**What is being asked**
The lines below, from the one holding "These MCQs are" through the one holding "You can click", are to be restated word for word, with all images left out.

**Input material**
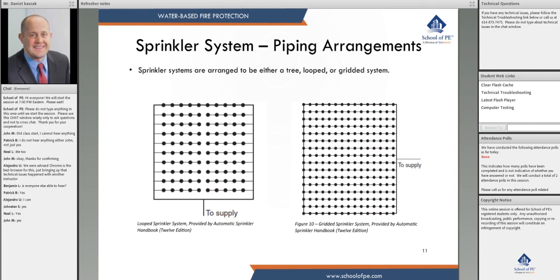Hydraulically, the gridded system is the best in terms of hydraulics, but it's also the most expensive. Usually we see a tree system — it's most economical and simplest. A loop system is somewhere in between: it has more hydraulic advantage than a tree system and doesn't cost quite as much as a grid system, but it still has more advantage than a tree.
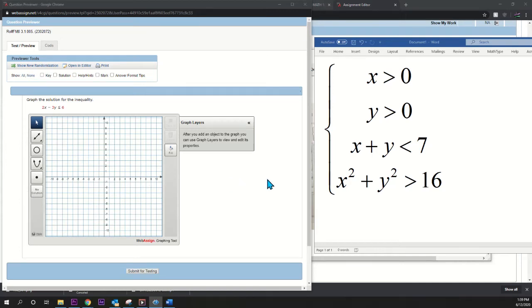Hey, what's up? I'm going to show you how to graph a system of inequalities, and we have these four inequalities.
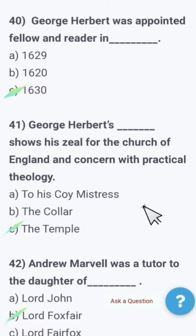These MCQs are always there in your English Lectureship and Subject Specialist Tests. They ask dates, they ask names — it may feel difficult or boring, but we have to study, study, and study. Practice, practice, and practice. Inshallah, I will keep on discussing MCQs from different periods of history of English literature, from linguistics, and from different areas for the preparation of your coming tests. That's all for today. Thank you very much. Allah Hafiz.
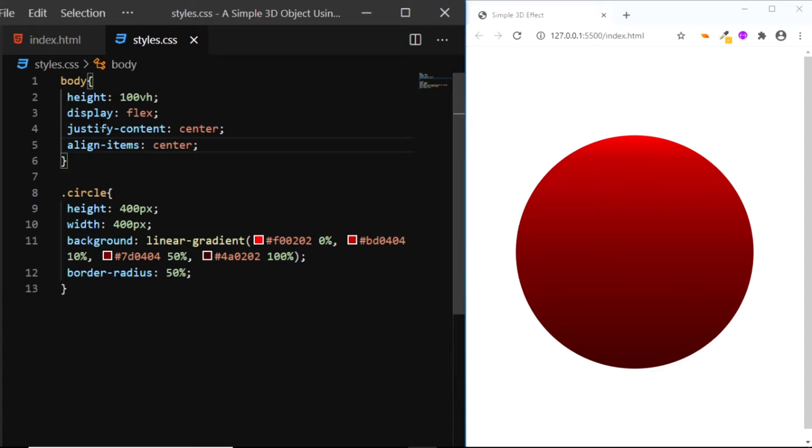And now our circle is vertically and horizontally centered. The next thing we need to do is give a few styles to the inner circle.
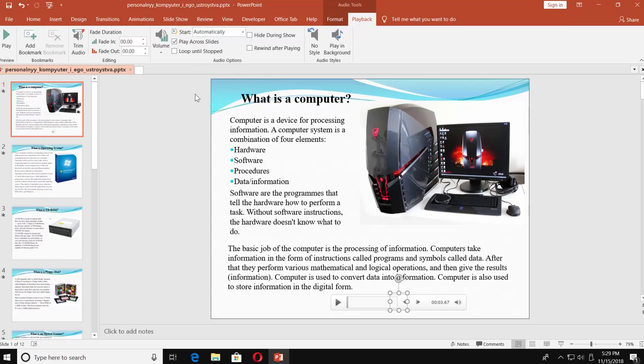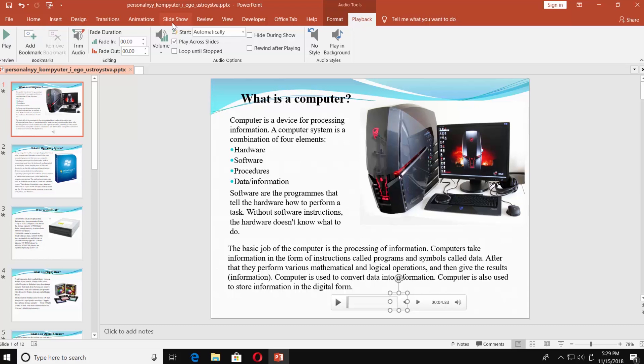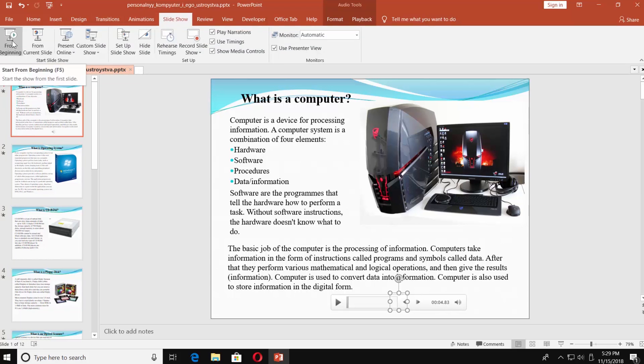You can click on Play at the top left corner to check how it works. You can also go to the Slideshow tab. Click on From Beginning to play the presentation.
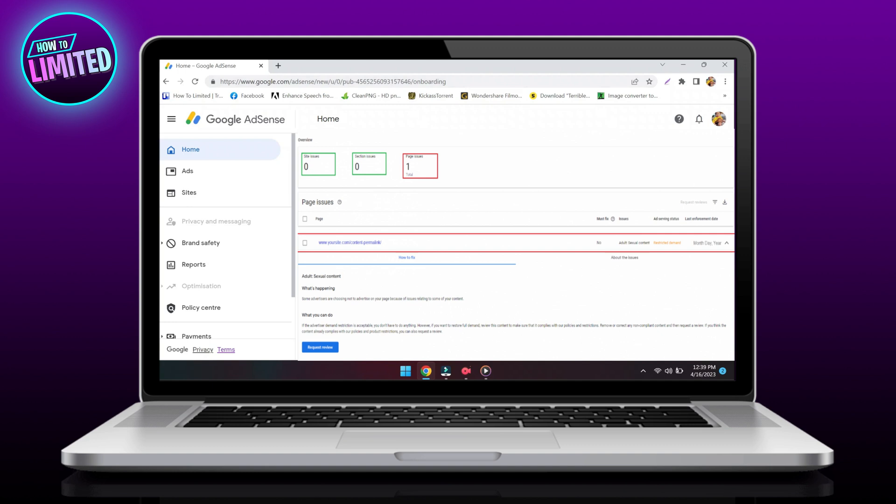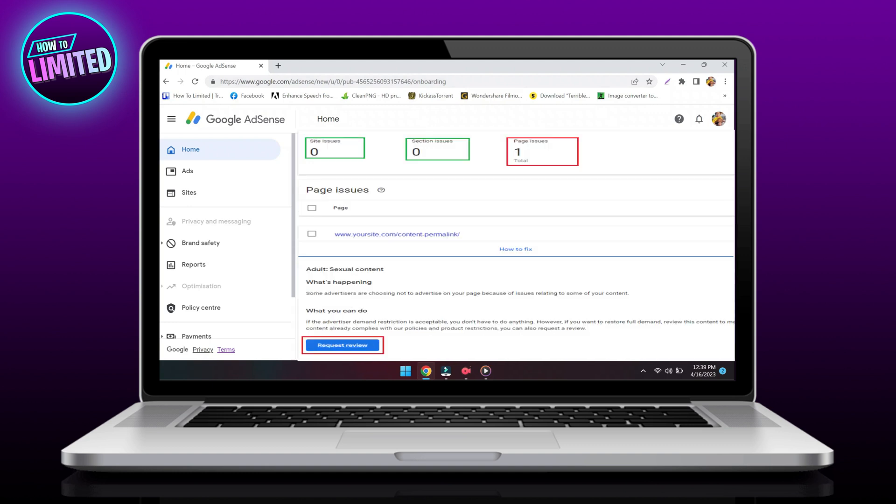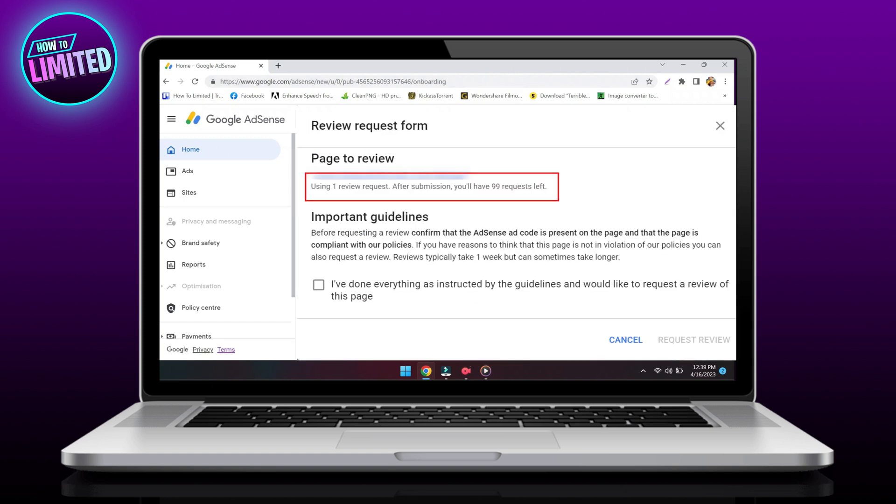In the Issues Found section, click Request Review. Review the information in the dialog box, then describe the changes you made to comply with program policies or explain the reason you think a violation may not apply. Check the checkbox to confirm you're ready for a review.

**Written response**
These MCQs are always there in your English Lectureship and Subject Specialist Tests. They ask dates, they ask names — it may feel difficult or boring, but we have to study, study, and study. Practice, practice, and practice. Inshallah, I will keep on discussing MCQs from different periods of history of English literature, from linguistics, and from different areas for the preparation of your coming tests. That's all for today. Thank you very much. Allah Hafiz.
And now our circle is vertically and horizontally centered. The next thing we need to do is give a few styles to the inner circle.
You can click on Play at the top left corner to check how it works. You can also go to the Slideshow tab. Click on From Beginning to play the presentation.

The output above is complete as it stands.